The AG's office, with a limited staff, has to make Hobson's choices every day as to which cases to pursue when a sponsor goes off the reservation. The Africa Israel settlement is a perfect example. In this very extreme situation, a sponsor literally did not complete the construction of several high rise buildings, leaving the unit owners scratching their heads as to how things would get resolved. But for the involvement of the AG's Office, it's quite possible that this dispute would be continuing and would not have settled even after many years of litigation. Now imagine that you've just purchased a new construction apartment and the sponsor has failed or refused to complete the "punch list". The punch list being those unfinished construction details or minor mistakes that the sponsor is permitted by the Offering Plan to finish and correct after the closing is completed, without either any escrow of funds to insure completion or a definitive timetable for completion other than "within a reasonable period time". As a result, only the most egregious failures of a developer will be pursued by the AG's Office, leaving an individual unit owner out in the wilderness, trying to get his or her defective dishwasher replaced.

Residential Reality: Careful Out There...
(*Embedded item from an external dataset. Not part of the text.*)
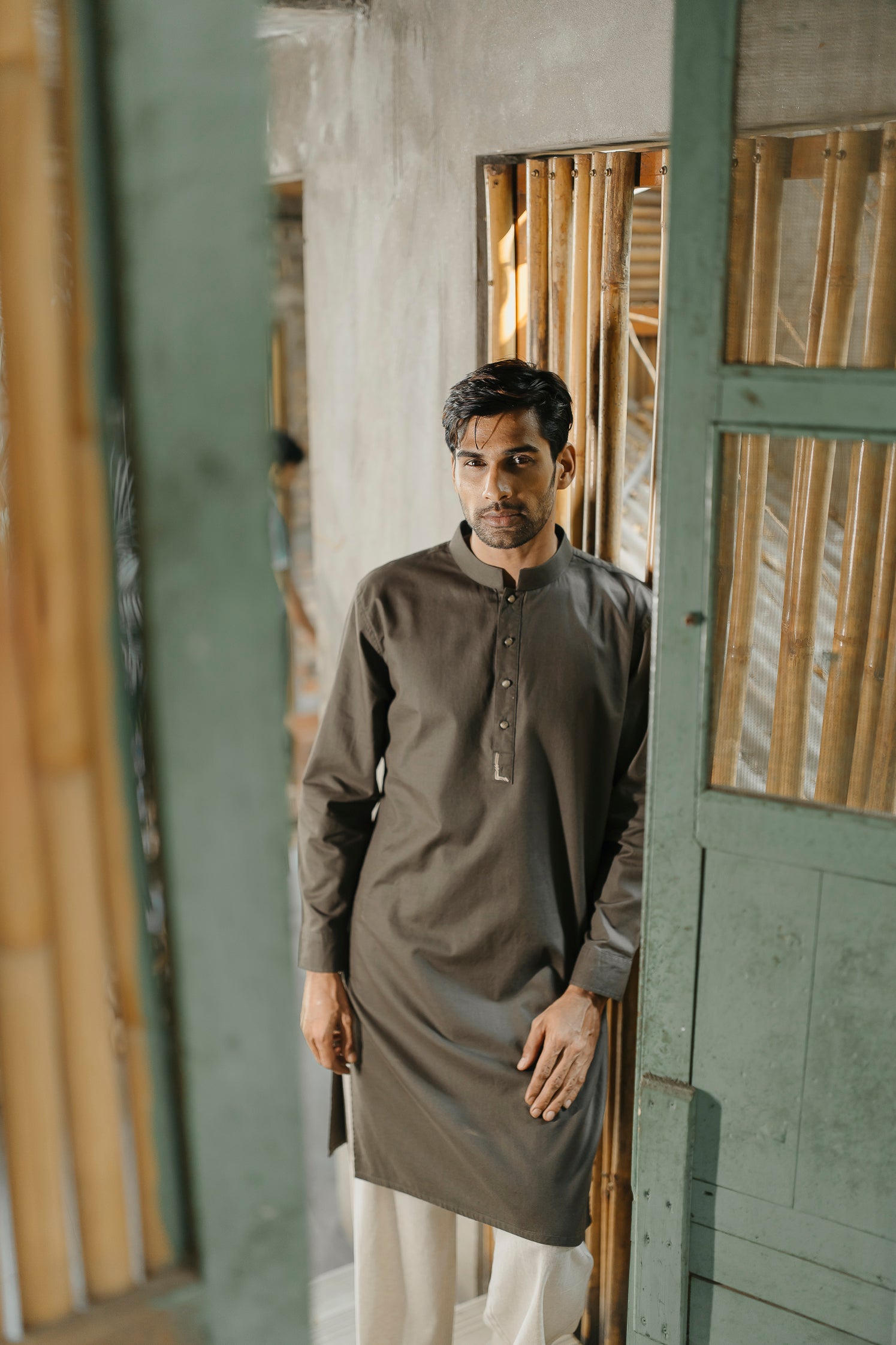 PRE ORDER- Yazeed - Dark Green Minimal-Embroidery Panjabi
Even developers with the best of intentions can run into serious construction problems. It is a gargantuan task to build a high rise, with the potential for complications possible at any point during the process. A lot can be said for purchasing an apartment in a completed building with a clean three to five year operating history. But the sizzle of amenities, location, bling and brilliant marketing campaigns, make the allure of the building yet to come, irresistible.